When I had my daughter I decided to continue the tradition my Aunt had so lovingly started.  I have more appreciation for her now then I did then!  It takes a lot to come up with a new theme every year!  When I started there were only seven children, this year there are 14 and soon to be 15!  Despite the time and the work I do love giving them!  My daughter will look at each as she puts it on our tree every year and tell me how old she was when we made them (my little helper, always).  I hope my nieces and nephews look forward to them as much as I did.

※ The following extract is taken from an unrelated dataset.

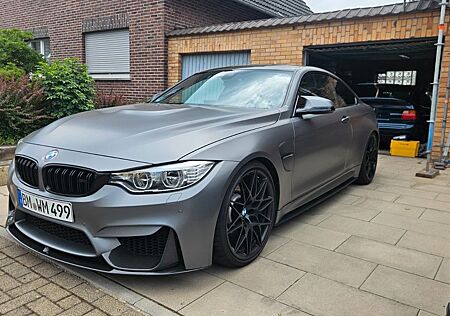 BMW M4 Coupe Competition Performance Paket H&K Folie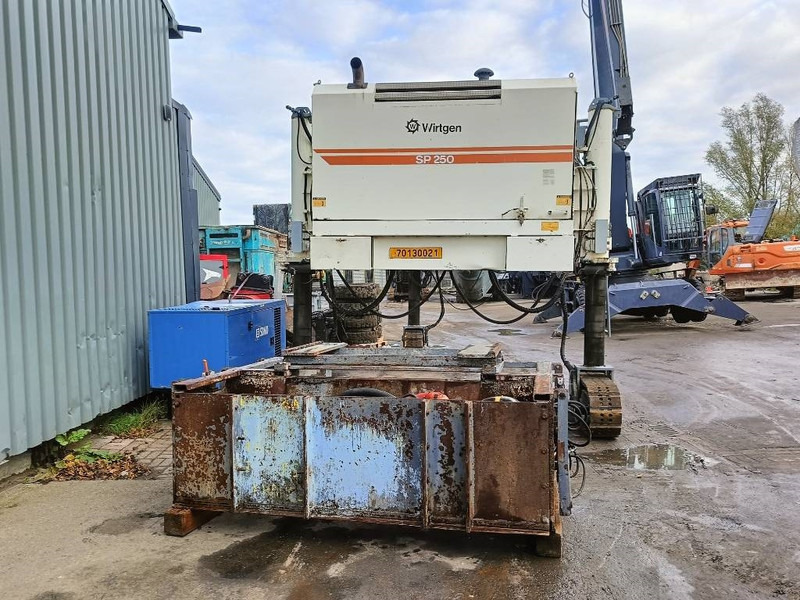 Wirtgen SP 250 500 beton bekisting machine sleep - Finišer za asfalt: slika Wirtgen SP 250 500 beton bekisting machine sleep - Finišer za asfalt Wirtgen SP 250 500 beton bekisting machine sleep - Finišer za asfalt: slika Wirtgen SP 250 500 beton bekisting machine sleep - Finišer za asfalt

 This year I made Christmas Stick Ponies.  The process this year turned out to be more involved than I had expected but I like how they turned out.  I started by watercoloring my ponies and then creating the fabric which you can purchase here.  I set it up so that you can order just enough fabric to do a single pony with test swatch, six horses on a fat quarter, or a full two dozen per yard.  If you sew, I'm sure this is pretty straight forward.

Cut Ponies on the 1/4" seam allowance.  If you would like to add names you should embroider the pieces at this point. Place faces together and sandwich a folded 6" piece of ribbon as shown.  Start your seam at the sash on the base of the neck and end roughly an inch to an inch and a half from where you started.  You really don't need to hold exactly to the edge.  As I went along, I seamed to get less and less careful but they still looked great in the end.  Just pay attention to the snout since that can change the look dramatically.  Clip fabric edges around the entire head, making sure to cut into each of the major angles.  Turn right side out, the ribbon loop inside makes this much easier than you would think.  Use a pencil to push out some of the smaller pieces like the ears.  Fill with Polyfill and set aside.

For the stick, I used 1/4" x 6" dowls wrapped with 1/4" satin ribbon, and capped with a pre drilled wooden stopper.  All the wooden pieces can be found in the wood section of the craft store.  I tried to mix acrylic paint to pull from each of the four color schemes to paint the sticks and caps.  After the paint dries attach the ribbon at both ends with hot glue and add cap piece. 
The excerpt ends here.